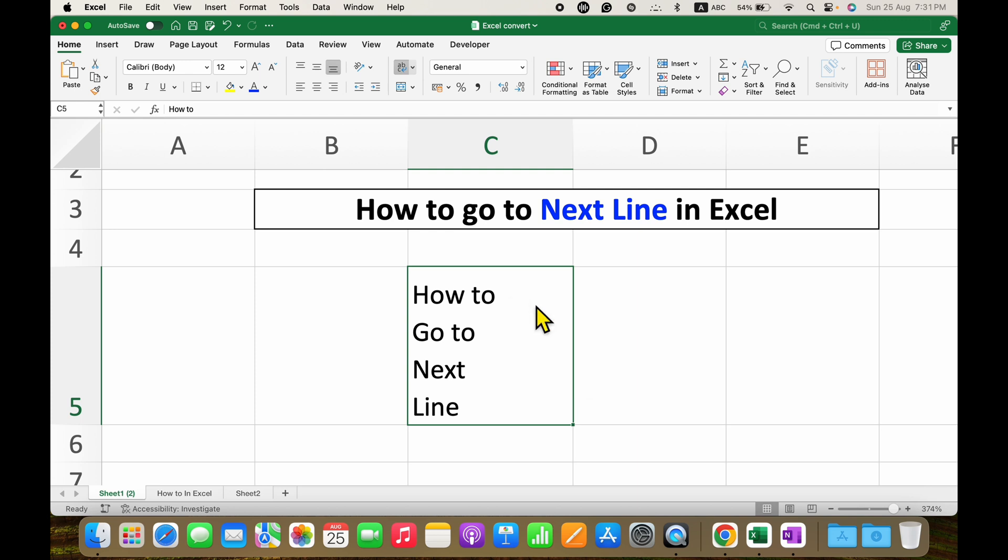In the Excel cell, if you press Enter on your keyboard, you will go to the next cell.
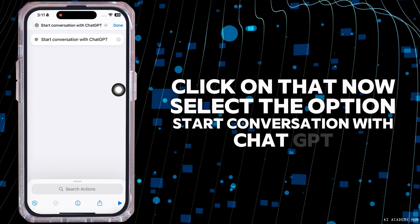This is how you can easily use ChatGPT instead of Siri on iPhone. If this guide was helpful, do not forget to like, share, and subscribe to our channel. Thanks for watching.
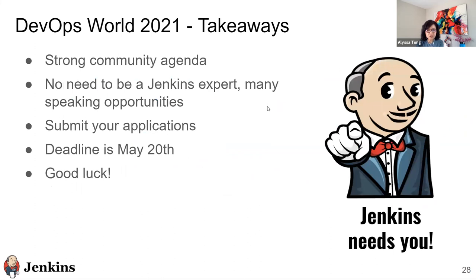Key takeaways: we will definitely have a strong community agenda at the conference. You do not need to be a Jenkins rock star to submit a proposal — all levels and all talks are welcome. Submit your applications on time — the deadline is May 20th. Good luck!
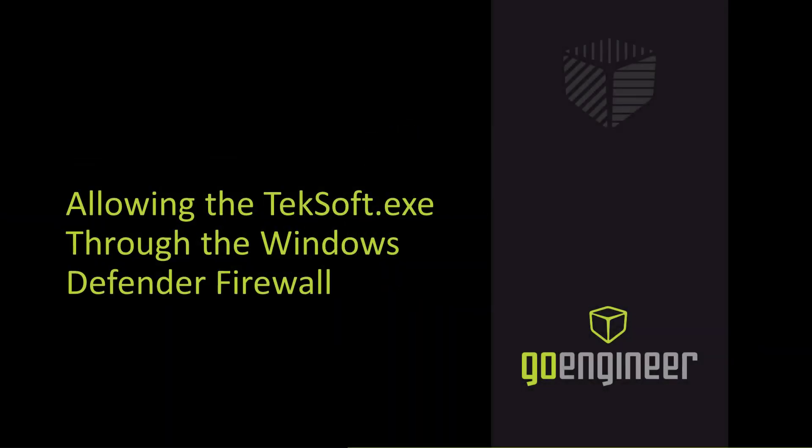Hello, my name is Nick Stanley, a Technical Support Engineer with GoEngineer, and today I'd like to cover how to allow the Techsoft.exe application through the Windows Defender firewall.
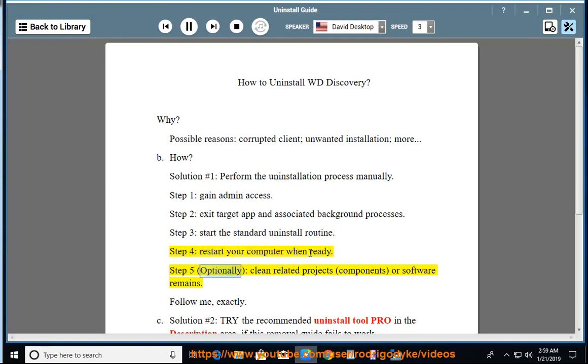Step 5: optionally clean related projects, components, or software remains. Follow me exactly.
******
Problem to work on: Would you return all the data exactly as given, minus the pictures?

Written solution:
In the Excel cell, if you press Enter on your keyboard, you will go to the next cell.
This is how you can easily use ChatGPT instead of Siri on iPhone. If this guide was helpful, do not forget to like, share, and subscribe to our channel. Thanks for watching.
Key takeaways: we will definitely have a strong community agenda at the conference. You do not need to be a Jenkins rock star to submit a proposal — all levels and all talks are welcome. Submit your applications on time — the deadline is May 20th. Good luck!
Hello, my name is Nick Stanley, a Technical Support Engineer with GoEngineer, and today I'd like to cover how to allow the Techsoft.exe application through the Windows Defender firewall.
Step 5: optionally clean related projects, components, or software remains. Follow me exactly.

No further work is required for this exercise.